* **What to do**: Output exactly the lines from the line that has "Ground Floor 2" through the last line of the data below, with no pictures.

* **The data**:
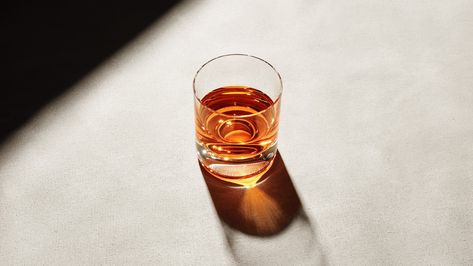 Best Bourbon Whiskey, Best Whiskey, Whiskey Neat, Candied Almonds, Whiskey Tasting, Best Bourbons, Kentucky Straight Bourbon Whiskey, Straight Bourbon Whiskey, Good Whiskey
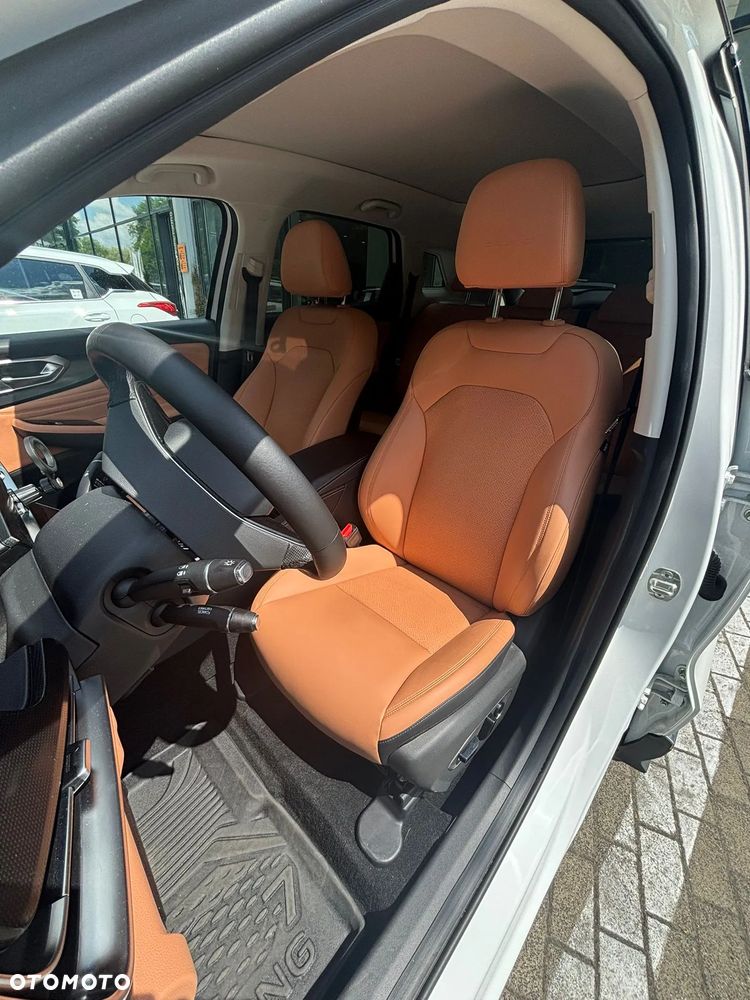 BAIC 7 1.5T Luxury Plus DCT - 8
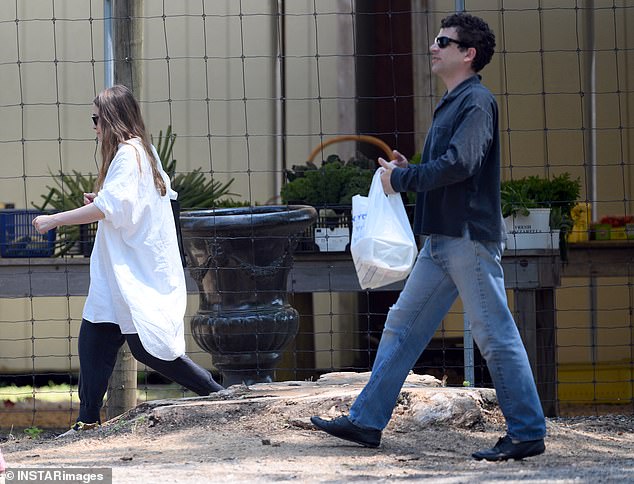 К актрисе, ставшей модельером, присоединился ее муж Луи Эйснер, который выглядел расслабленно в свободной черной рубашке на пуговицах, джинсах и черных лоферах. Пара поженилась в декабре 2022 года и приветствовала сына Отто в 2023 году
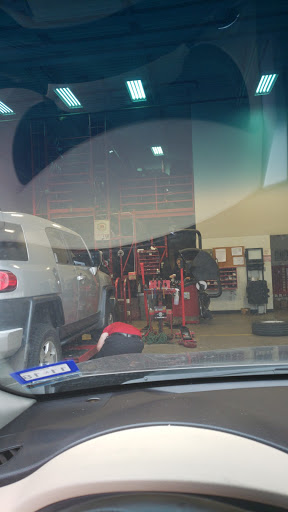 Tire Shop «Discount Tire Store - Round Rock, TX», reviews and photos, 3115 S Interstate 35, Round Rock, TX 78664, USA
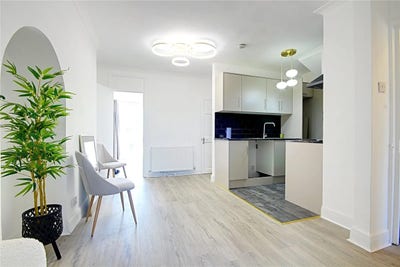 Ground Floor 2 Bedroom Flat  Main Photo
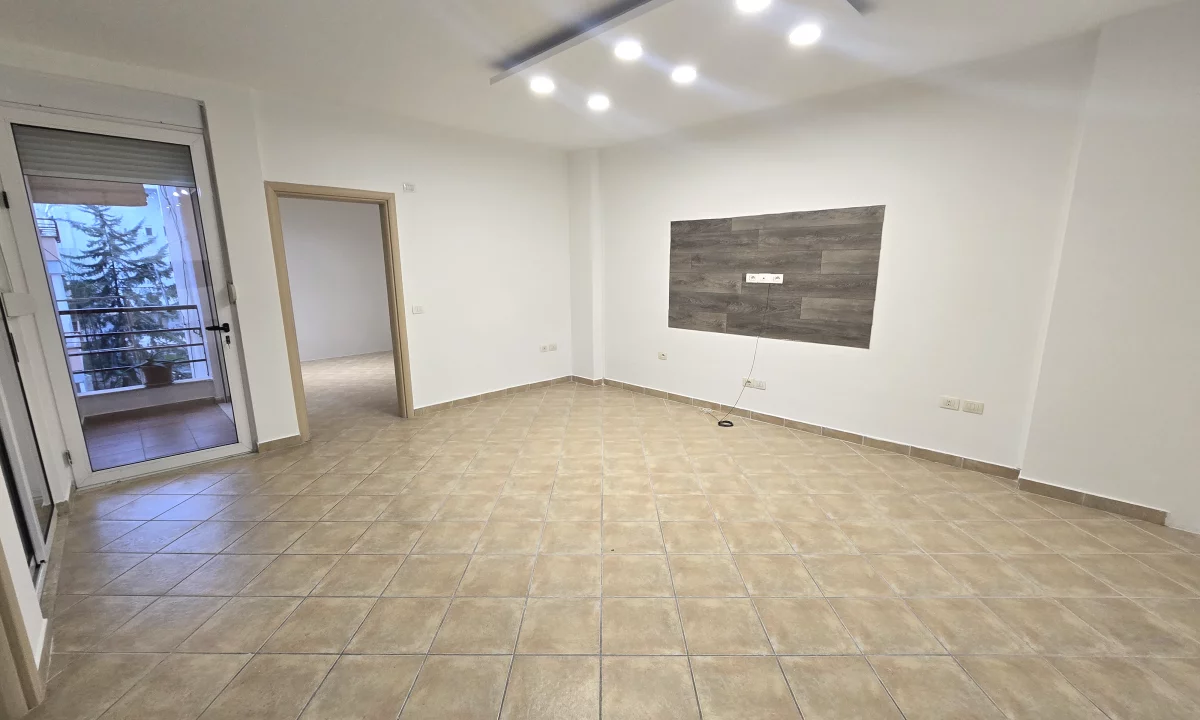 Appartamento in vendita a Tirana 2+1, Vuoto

* **Final answer**:
 Ground Floor 2 Bedroom Flat  Main Photo
 Appartamento in vendita a Tirana 2+1, Vuoto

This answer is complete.